The bacterium
Staphylococcus aureus is one of the pathogens responsible for hospital-acquired pneumonia that has become resistant to antibiotics. Researchers are studying an alternative treatment using Lysostaphin enzyme. The enzyme bacteriolytic property enables to target the vital integrity of
S. aureus by reacting with the peptidoglycan polymer lining the bacterial wall.
To understand how it works precisely, researchers at IRIG used two enzymes of the same family Lysostaphin and LytM that are evolutionarily related but have different functions
The Irig team studied the high lytic activity of the enzymes Lysostaphin and LytM against the bacterium
S. aureus, by targeting the glycil-glycine bridge linking the peptide strands of the bacterial wall polymer. Monitoring of the catalytic reaction revealed these two enzymes acted in a similar way on the polymer fragments but only Lysostaphin was capable of solubilising the entire polymer .
Analysis of the nuclear magnetic resonance NMR characterization data led to coherent models for the docking of the enzymes on the polymer.

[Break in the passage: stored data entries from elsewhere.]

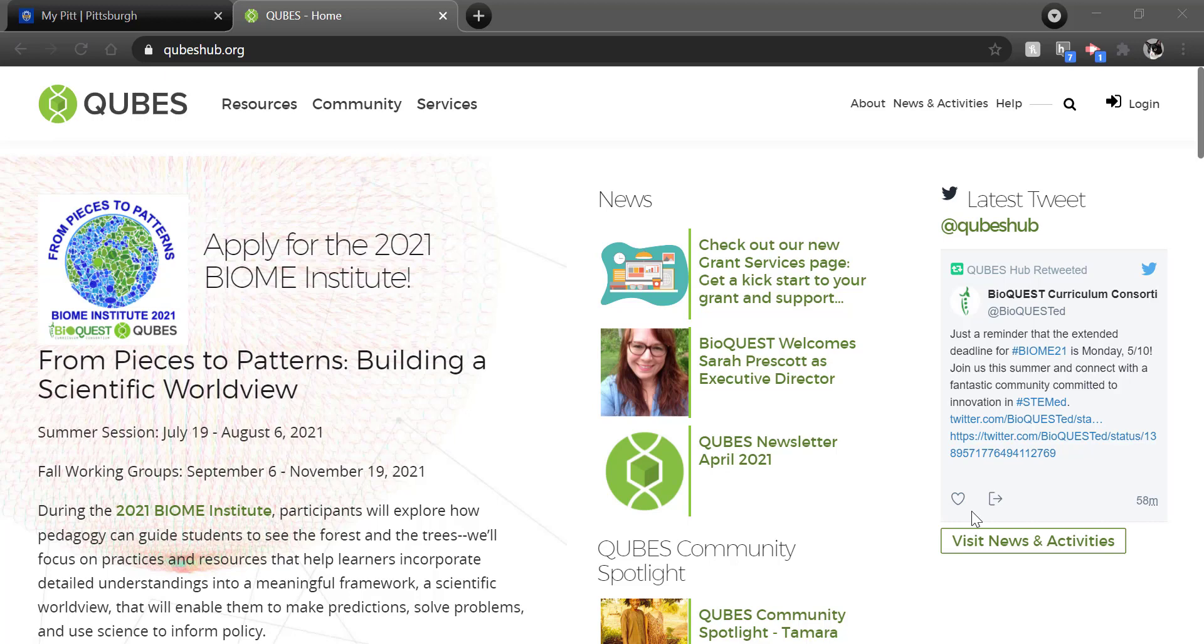Welcome! This video will provide an overview of how to publish original material as a QUBES resource out of a group on QUBES. Note there are other publishing contexts like adapting a resource or creating a new version that are not covered in this video.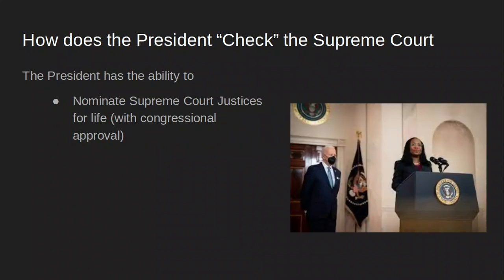How does the president check the Supreme Court? The president nominates Supreme Court justices for life, subject to congressional approval. This recently happened when Biden nominated Justice Jackson, who is shown on screen. Other recent presidential nominees include Donald Trump's appointments of Amy Coney Barrett and Brett Kavanaugh during his term.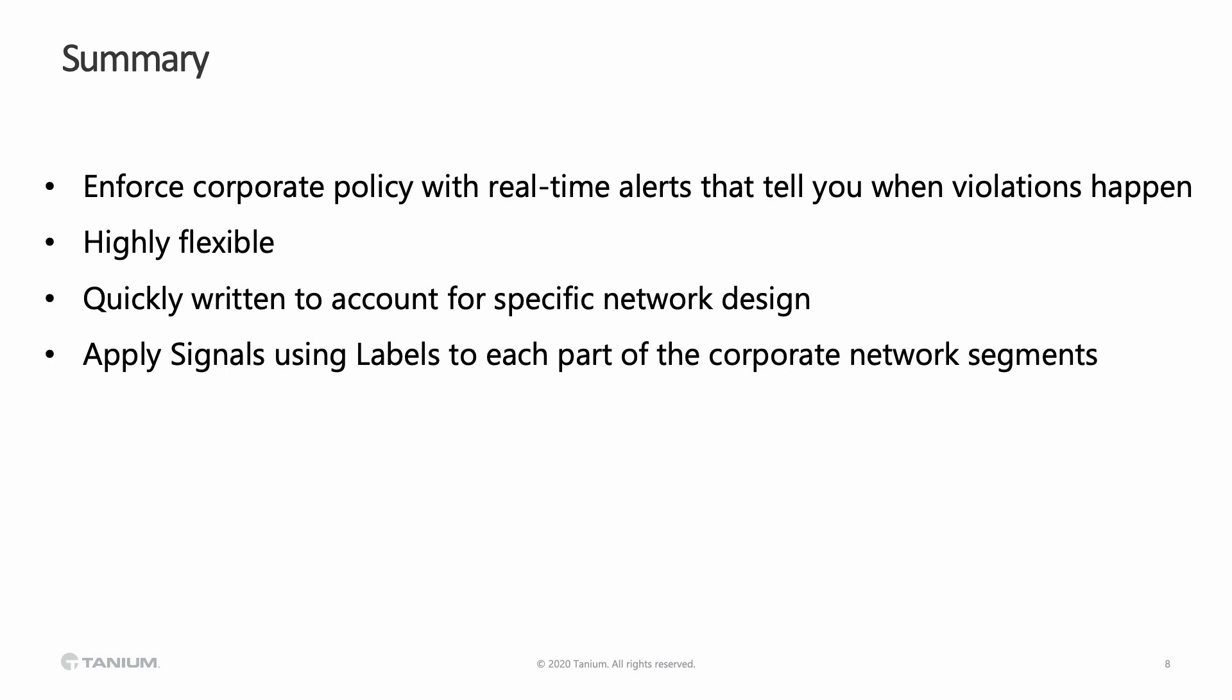You could write signals for your office environment where you don't have network connectivity to your operations environment, and vice versa. You can also write signals that you apply into your operations environment that let you know when somebody accesses your corporate environment.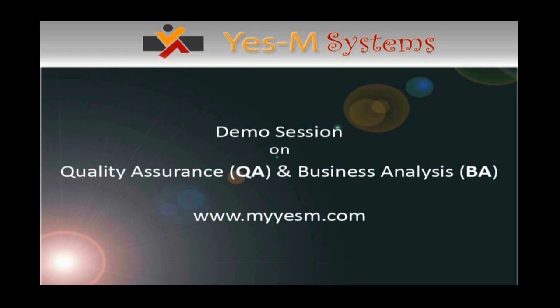Welcome to the demo session on quality assurance and business analysis from YesM Systems.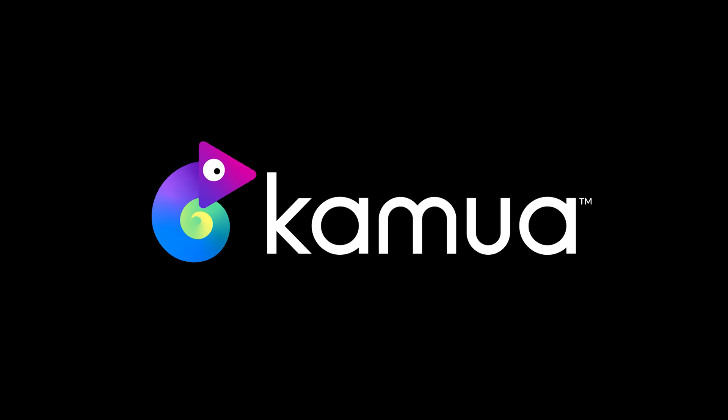So there you go guys, those are our five recommended workflows to use in Kamua. So just make sure you're using the right one for your project's needs. I hope you found this video helpful and if you did, be sure to give us a like and a subscribe and we'll see you in the next one.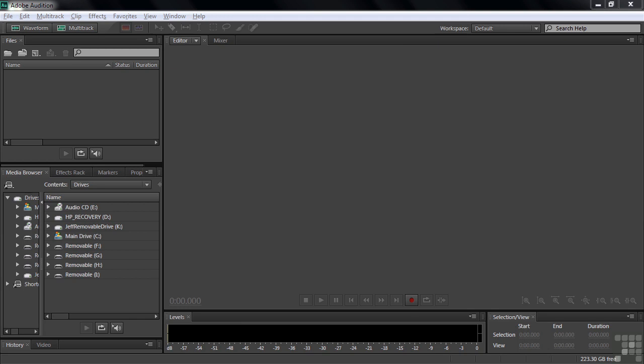One way to get audio into Audition is to extract audio tracks from a CD. So we're going to show you how to do that in this tutorial.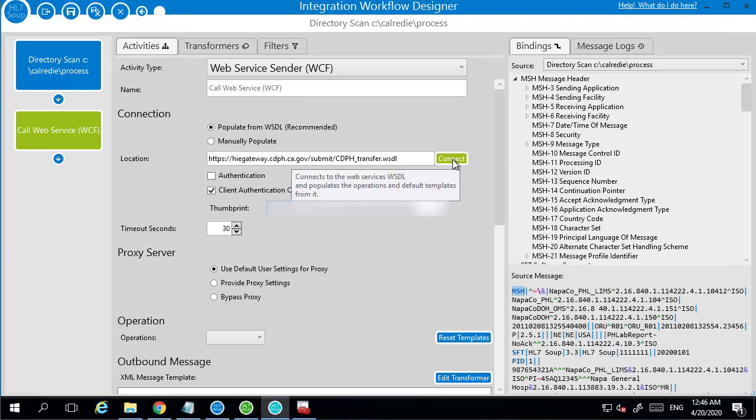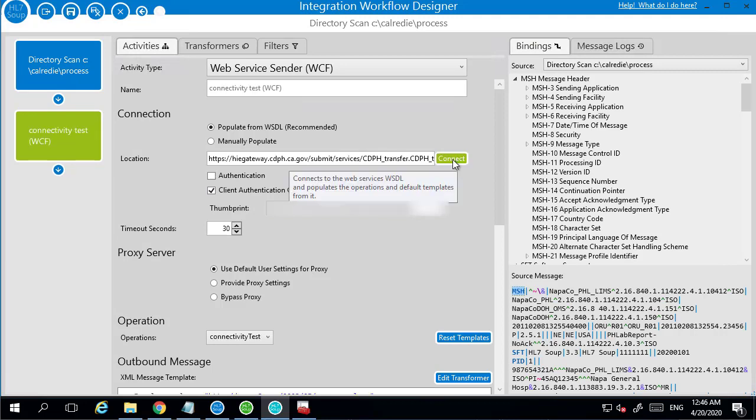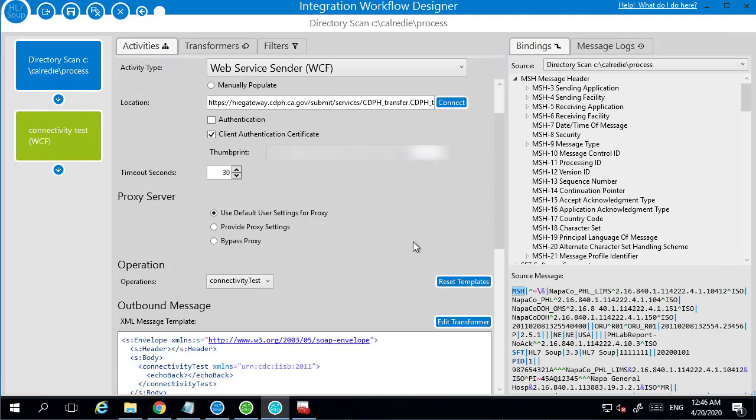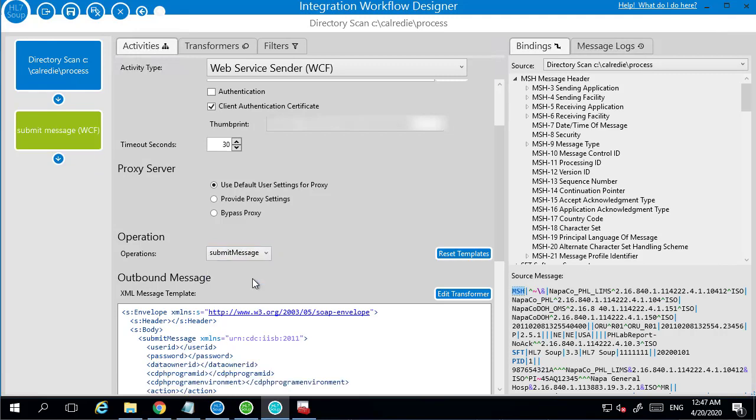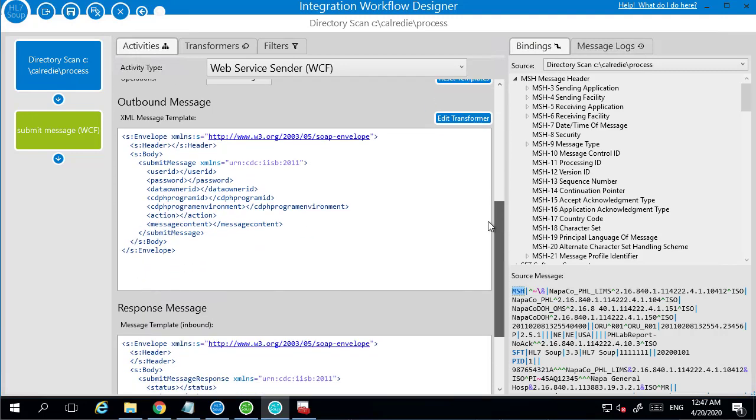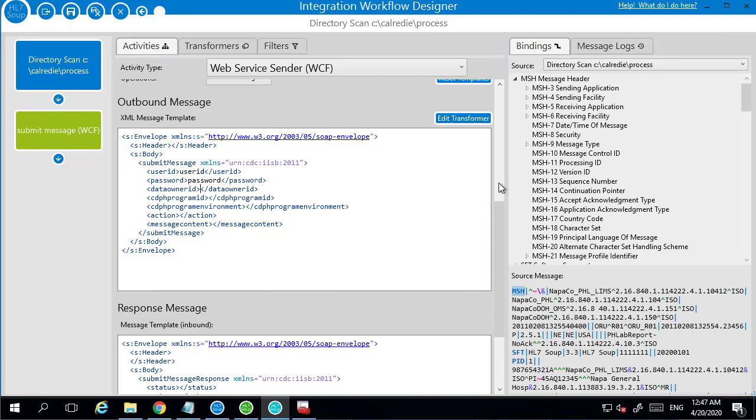So now I can hit Connect. And it has gone to CalReady and successfully connected to that data. It's brought back the list of operations that are now available to me. So I can, there's a connectivity test, and there's a submit message. So I'm going to choose Submit Message. And I'm going to scroll down and see, it's pre-populated all the fields that need filling out for me. So you do need to pass in a user ID. So I'll put a dummy user ID, a dummy password. The data owner ID, if you're sending it on behalf of someone, you can use their user ID. But I'm sending it on behalf of myself, so it's just the same as my user ID.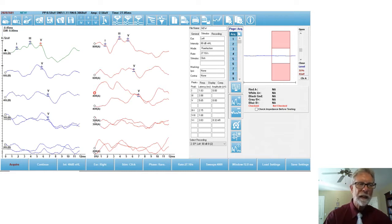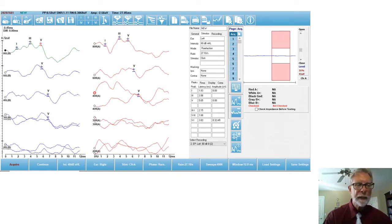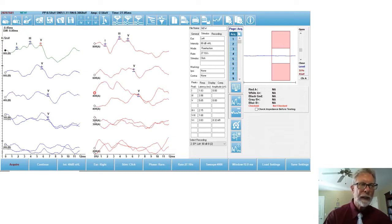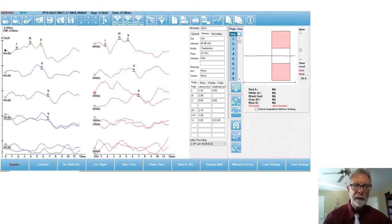And as you can see, I was able to do an ABR here, latency intensity function. And as you can see, I did both left and right ear, and I started at 80, and then 60, 40, 20, 30, went down like that.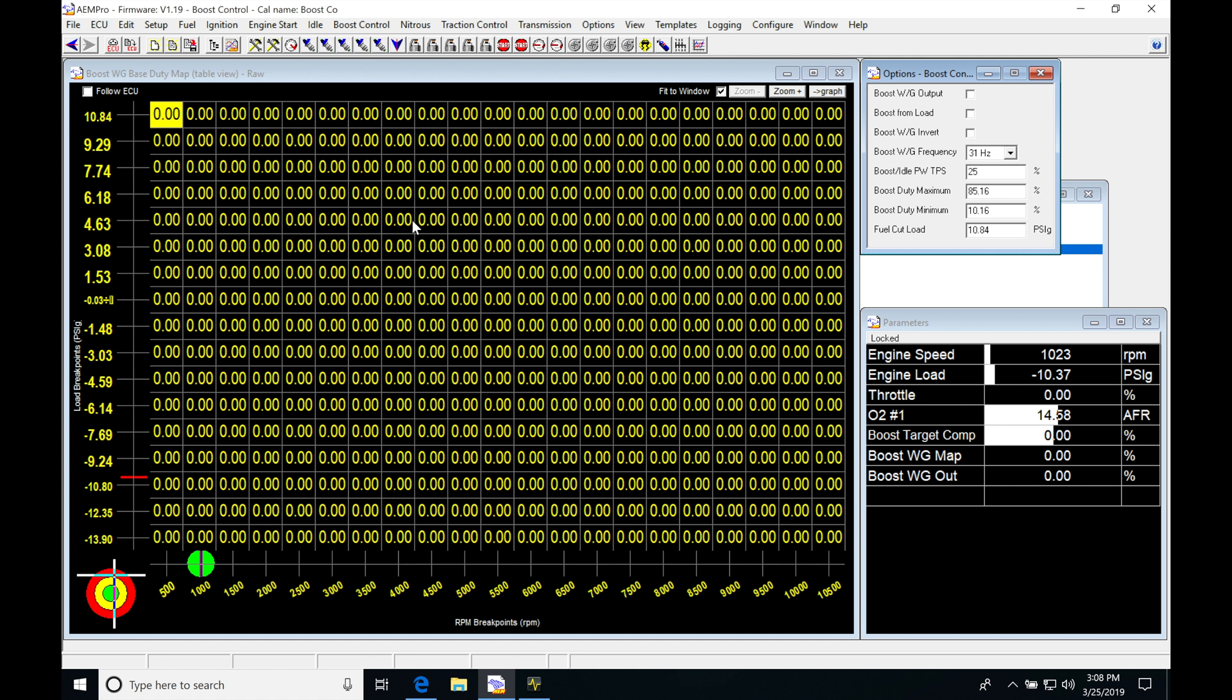Moving into the table here, we can find that this is based on load versus engine RPM. The break points that we find in the table for load and RPM match whatever is coming from our main fuel and spark timing tables. So if we change the break point scaling on these tables, it will also affect our base duty cycle table.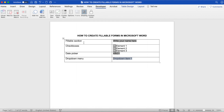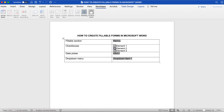Once you've added all of the fillable sections, checkboxes, date pickers, and dropdown menus that you wish to add to your fillable form in Microsoft Word, click on Protect Form up top. This will transform your Word document from a regular document to one that's fillable, so that others can fill out your form with ease. Once you send out this fillable form, the only things others will be able to do is edit these fillable sections, checkboxes, date pickers, and dropdown menus, whereas all other parts of the document will remain unchangeable.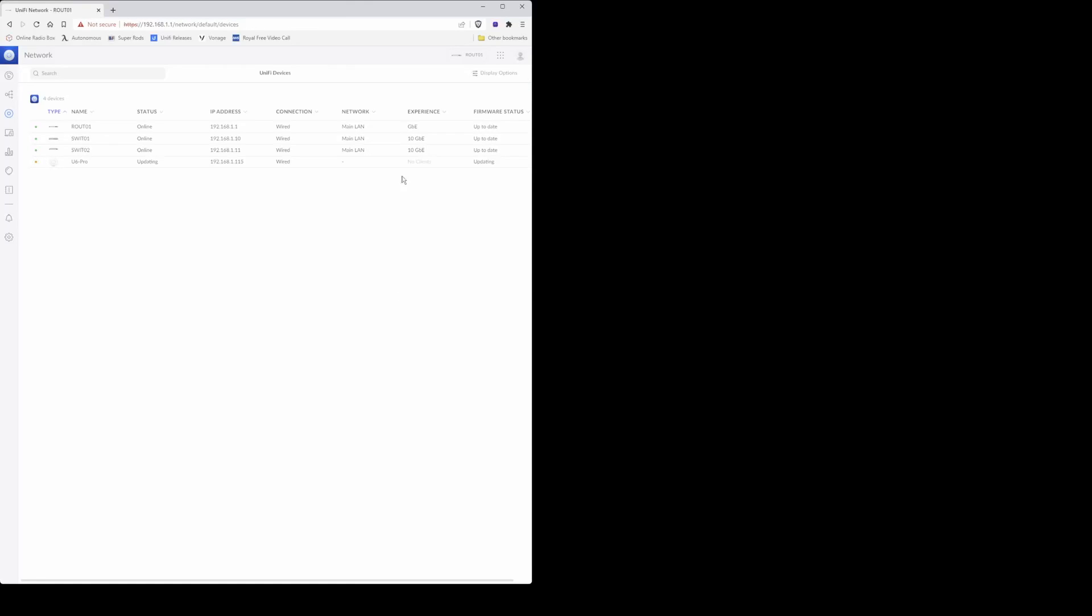Now we notice that the firmware status is showing as updating along with the status also showing as updating. So just wait for the firmware to complete its update before proceeding any further.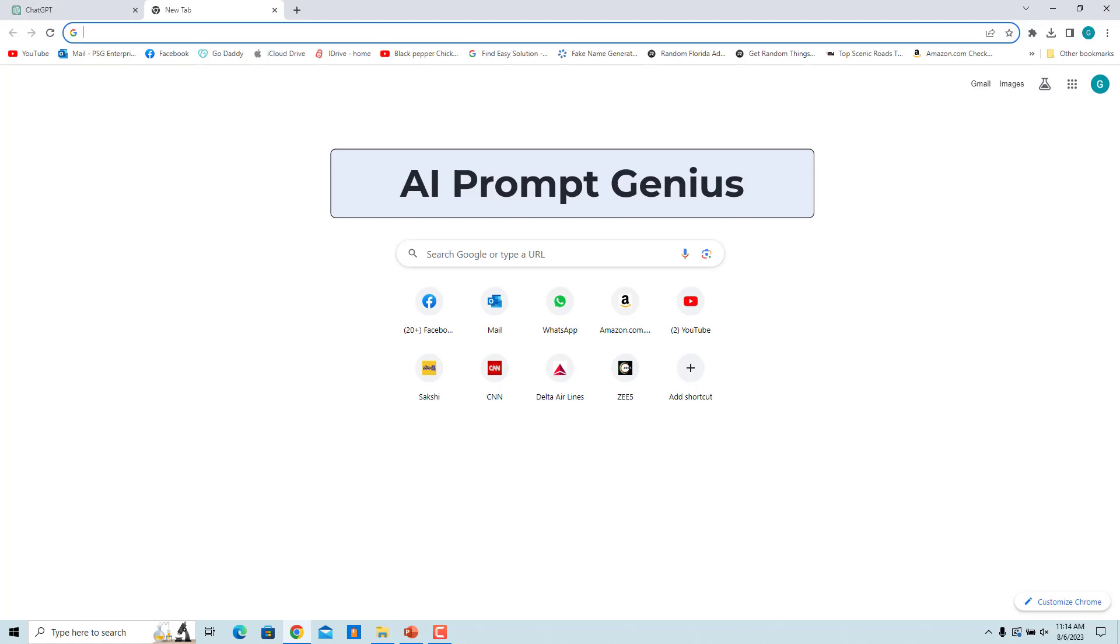You can use the AI Prompt Genius Google Chrome extension to download and export ChatGPT conversations. It has an option to save chats as Markdown, MD file, PDF, or PNG.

The researchers have shown that each enzyme reacts distinctly with the polymer depending on the complexity of
cross-linking and therefore has different biological functions (
cf. figure).
Figure: model of the activity of two enzymes LytM and Lysostaphin belonging to the same family but modulated differently by the state of cross-linking of bacterial peptidoglycan. Credit CEA
Using nuclear magnetic resonance NMR, combined with mass spectrometry, this work proposes a model in which peptidoglycan
cross-linking affects the activity and selectivity of the enzymes Lysostaphin and LytM differently, underpinning the specific role of each structurally related enzyme. These results highlight the complex interaction between enzymes and their substrates. They pave the way for targeted antibacterial strategies.
Cross-linking is a linear transformation into a three-dimensional polymer.